This is the first time a real-world digital health intervention is used as a proof of concept to test all the domains of both the RE-AIM and BIT frameworks, demonstrating a full example of the process followed to collect information and assess the different domains from study inception to follow-up, and to compare both frameworks.
Using the RE-AIM framework, WMM  showed excellent Reach, as indicated by the high enrollment and participation rate. Effectiveness was limited, with only a global impression of change showing significantly greater improvements in the treatment group, although higher treatment engagement was associated with reduced pain and disability. Adoption was also excellent, as evidenced by the clinic participation. Implementation at the user level was moderate, with 93% of participants downloading the app and 40% being adherent (completing at least four modules). At the organization level, providers had positive attitudes toward WMM. Regarding budgets, a small increase in funds was needed to make WMM publicly available. Finally, maintenance at the user level was evidenced by new patients downloading the app during the maintenance period. At the organization level, maintenance was also excellent, with most of the clinics continuing to make new referrals.

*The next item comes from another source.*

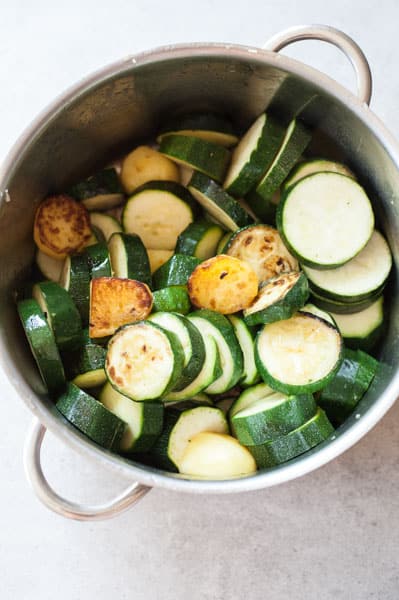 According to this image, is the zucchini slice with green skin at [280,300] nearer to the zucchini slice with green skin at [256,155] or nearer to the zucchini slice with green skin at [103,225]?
the zucchini slice with green skin at [256,155]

Using the BIT framework, the acceptability of the WMM was evidenced by most of the users considering the treatment acceptable and the providers showing positive attitudes toward the app. Adoption, according to the BIT, was shown by most participants downloading the WMM and indicating its use. Appropriateness at the user level showed that the WMM had a good fit in this context. The feasibility of implementing the intervention was high, with most participants being able to download the app and not reporting any issues. At the organization level, the referrals exceeded the original goal; the providers mentioned that referrals were easy to make and that the WMM could be easily integrated in their practice. In addition, all clinics agreed to continue using the app with their patients, and most of them did so. Fidelity was moderate, given that less than half of the participants finished the treatment and only monitored symptoms on some of the days. Implementation costs regarding app development were as planned, but taking the extra step of making the WMM publicly available represented a small increase in costs. Penetration was also excellent, with new patients coming from most clinics during the implementation period. Finally, sustainability seems promising because most of the clinics agreed to keep using the app and did so with new patients.
Comparing the 2 frameworks, we can observe some overlap between them, but important differences exist. Specifically, RE-AIM has a strong emphasis on Reach and Effectiveness and assesses other aspects in a more limited way. In fact, an equation to calculate Individual Impact has been proposed . It can be computed as the sum across target behaviors of the Reach domain×average of individual change at long-term follow-up (Effectiveness). Moreover, the organization level impact can be computed as Adoption×Implementation. Maintenance, however, remains as an isolated domain that is explained more superficially in the RE-AIM framework. In contrast, within the BIT framework, the concept of maintenance is assessed by 2 domains: penetration (integration of the practice in the context) and sustainability (the extent to which that integration is maintained). The BIT framework is more detailed in the sense that it encompasses a larger number of domains that are pertinent to the technology field and allows for testing technology-focused aspects such as usability and feasibility (providing more room to integrate qualitative user feedback), and it also considers organizational metrics and costs (which may be important for intervention and budget planning). However, the BIT fails to incorporate the effectiveness dimension, which researchers need to evaluate separately, and there are no proposals on how to integrate the various domains. In general, both frameworks provide a comprehensive assessment of the implementation of the WMM study, which was estimated to be generally successful.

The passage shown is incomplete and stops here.